_Task instructions_: Restate the records below exactly. Pictures are not part of the copy.
^^^^^^^^^^^^^^^^
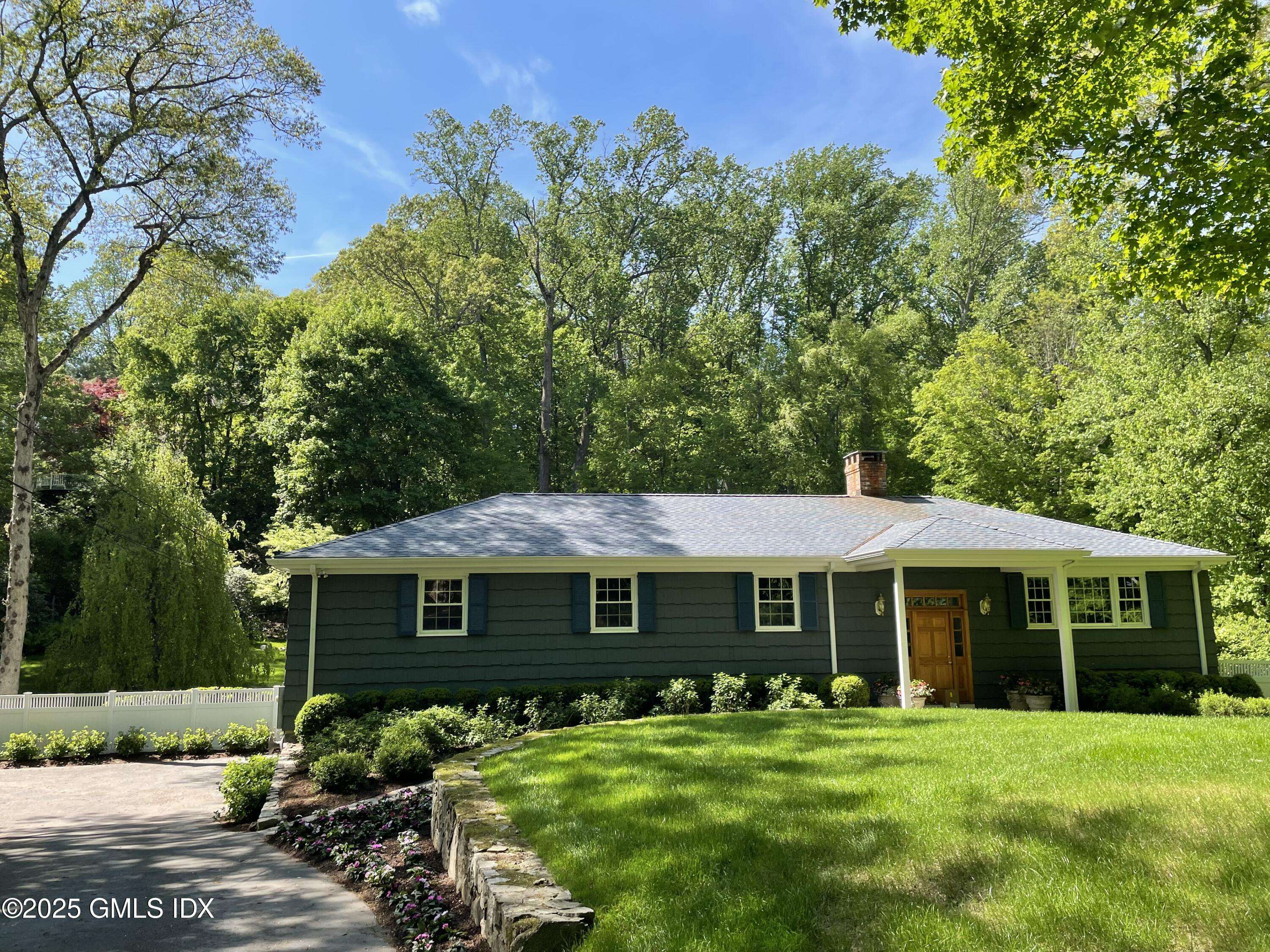 Stamford, CT 06903,208 Riverbank DR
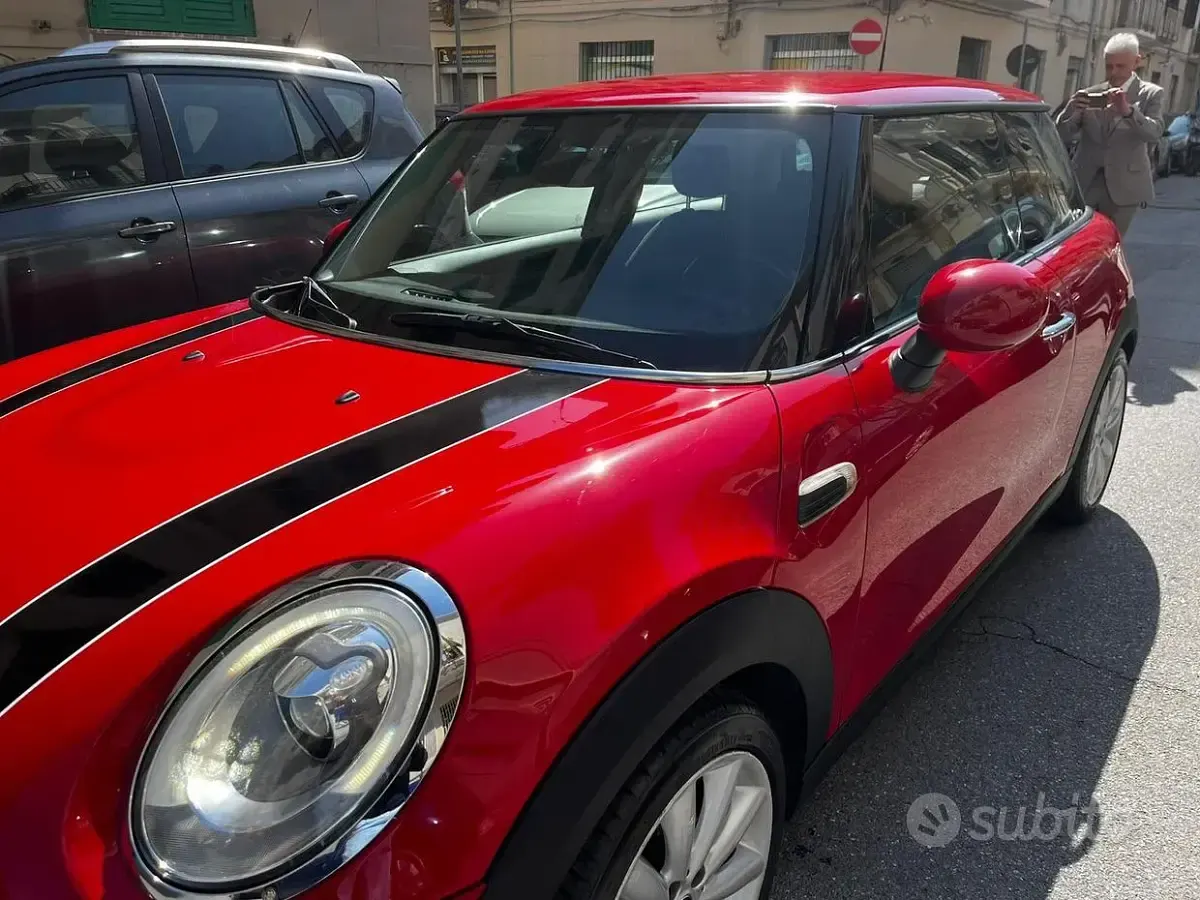 Usata Mini Cooper 95 CV (69 kW) 2017 Rosso Utilitaria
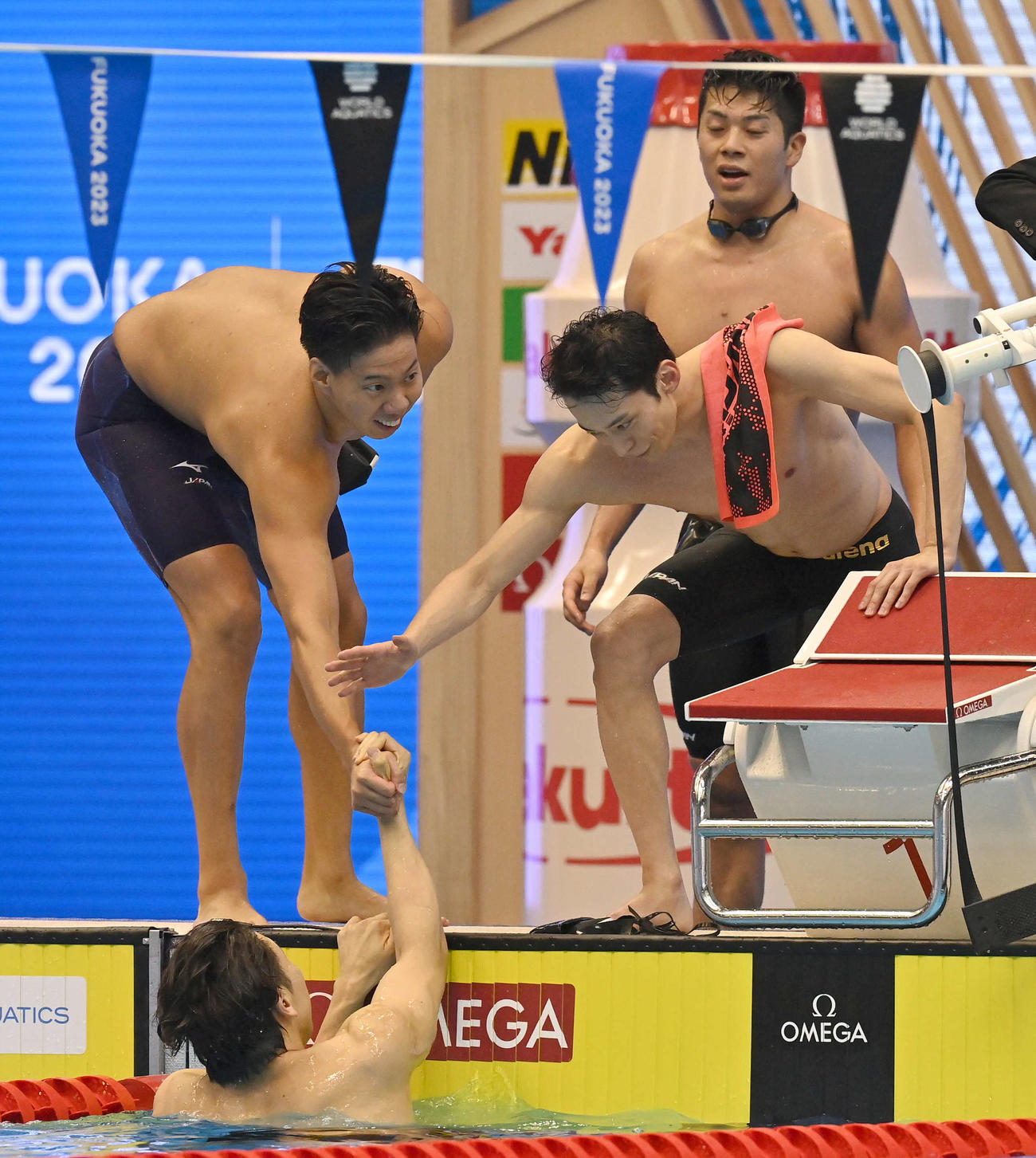 世界水泳2023福岡大会第17日　男子400メートルメドレーリレー決勝を終え、タッチを交わす日本チーム（撮影・岩下翔太）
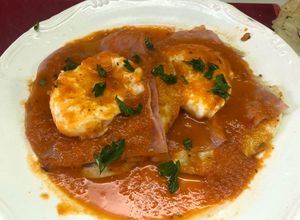 Una foto de Huevos Pochados Rancheros a la Sonorense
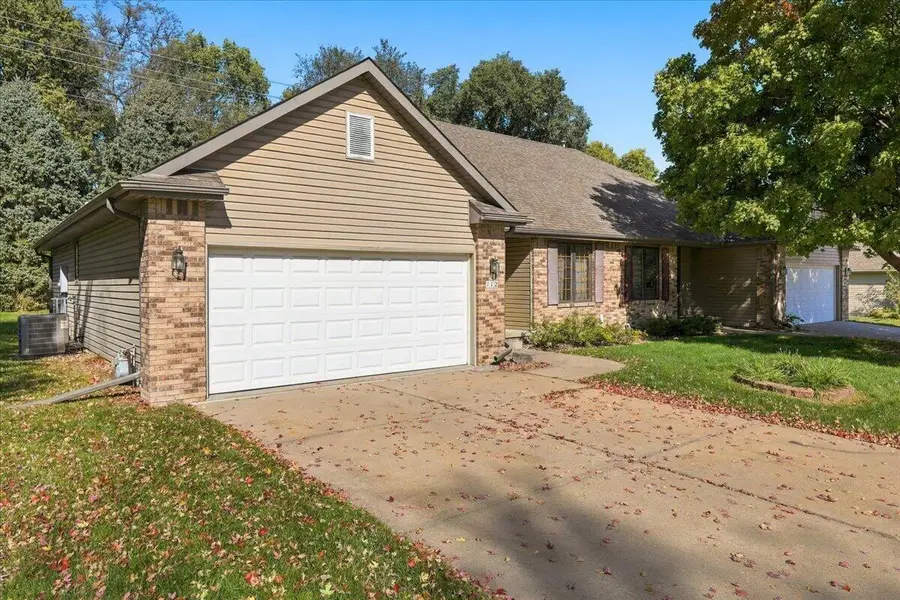 112 W Ferndale Drive, Council Bluffs, IA 51503 - #3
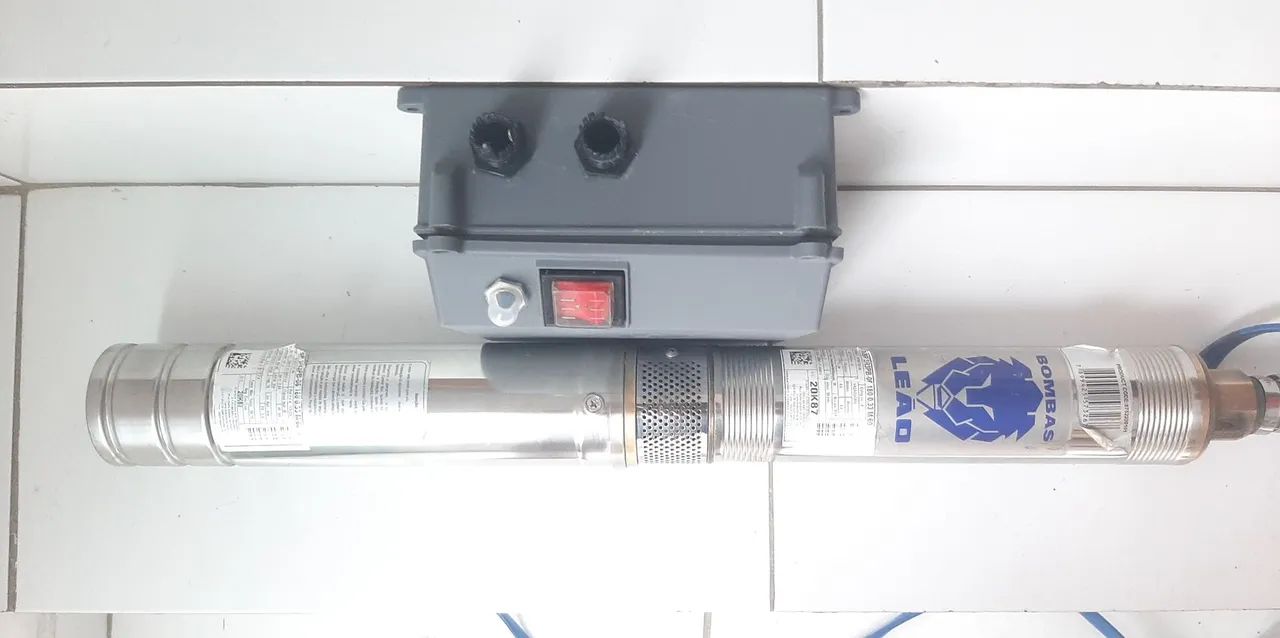 BOMBA SUBMERSA PALITO 1/3 cv ( 2 meses de uso )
^^^^^^^^^^^^^^^^
_Response for this exercise_:
 Stamford, CT 06903,208 Riverbank DR
 Usata Mini Cooper 95 CV (69 kW) 2017 Rosso Utilitaria
 世界水泳2023福岡大会第17日　男子400メートルメドレーリレー決勝を終え、タッチを交わす日本チーム（撮影・岩下翔太）
 Una foto de Huevos Pochados Rancheros a la Sonorense
 112 W Ferndale Drive, Council Bluffs, IA 51503 - #3
 BOMBA SUBMERSA PALITO 1/3 cv ( 2 meses de uso )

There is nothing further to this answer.